En janvier de cette année, c'est la cacophonie. Les professionnels du secteur dénoncent le manque de moyens et s'inquiètent pour la pérennité du dépistage anonyme et gratuit. L'INAMI tente de les rassurer. La Ministre de la Santé, Laurette Onkelinx, aussi. Les conventions qui permettent le remboursement des dépistages sont finalement reconduites.

 

A la même époque, c'est au niveau de la Fédération Wallonie-Bruxelles que ça coince. Un rapport commandité par Fadila Laanan épingle le dysfonctionnement des organismes du secteur de la prévention et recommande la création d'un OIP (Organisme d'Intérêt public) unique, provoquant la colère de la Plateforme Prévention Sida, Ex Aequo et de l'Observatoire du Sida et des Sexualités.

 

C'est dans ce contexte un peu compliqué qu'en mai dernier, Laurette Onkelinx a réuni des experts du secteur. Objectif : mettre en place une méthodologie pour concevoir un Plan national de Lutte contre le VIH. Tous les acteurs concernés (tant scientifiques, que médicaux et associatifs) vont se réunir pour revoir la stratégie globale de lutte contre l'épidémie. C'est ce que la Ministre a annoncé samedi dernier au colloque VIH/Sida organisé à Bruxelles.

 

Nous manquons cruellement en Belgique d'une stratégie globale, coordonnée entre les niveaux de pouvoir. Dans neuf mois de travail, le plan sera déposé. Une des priorités de ce plan ce sera le suivi, la prise en charge et la qualité de vie des patients.

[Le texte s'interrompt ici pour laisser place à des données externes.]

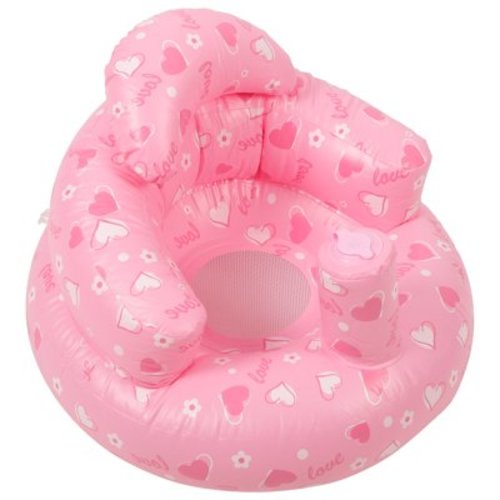 Infant Seat Toddler Back Support Inflatable School Baby Small Sofa Feed Environmental Pvc Pink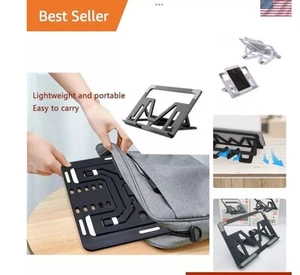 Hochwertiger Kunststoff + Silikon Tablet Laptop Kühlfuß klappbarer Ständer - Bild 1 von 6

Le dépistage sera également au cœur du nouveau dispositif, avec des équipes mobiles pour pratiquer le dépistage rapide et délocalisé.

 

Des groupes de travail vont se réunir à partir du 10 octobre pour aborder successivement les problématiques du suivi et de la prise en charge des patients, du dépistage, de la prévention, du suivi sérologique, de la recherche médicale et du suivi épidémiologique.

 

La Belgique a pris un sérieux retard en matière de prévention et de dépistage du VIH. Même la surveillance épidémiologique n'est pas à la hauteur de ce qu'on peut rencontrer chez nos voisins. Les rapports de l'Institut scientifique de Santé publique sont plus maigres d'année en année et l'analyse des chiffres est à des années lumières des chiffres en cascade qu'on retrouve aux Etats-Unis par exemple (plus d'un quart des modes de transmission est inconnu, on ignore le nombre de personnes infectées,...).

 

On le voit, c'est tout le secteur qui a besoin d'être réformé. Il est grand temps de mettre sur pied une stratégie concertée qui intégrera le dépistage démédicalisé, les traitements pré et post exposition, la redéfinition des catégories de publics vulnérables, le traitement comme prévention, l'incontournable préservatif… et de combattre enfin efficacement cette épidémie.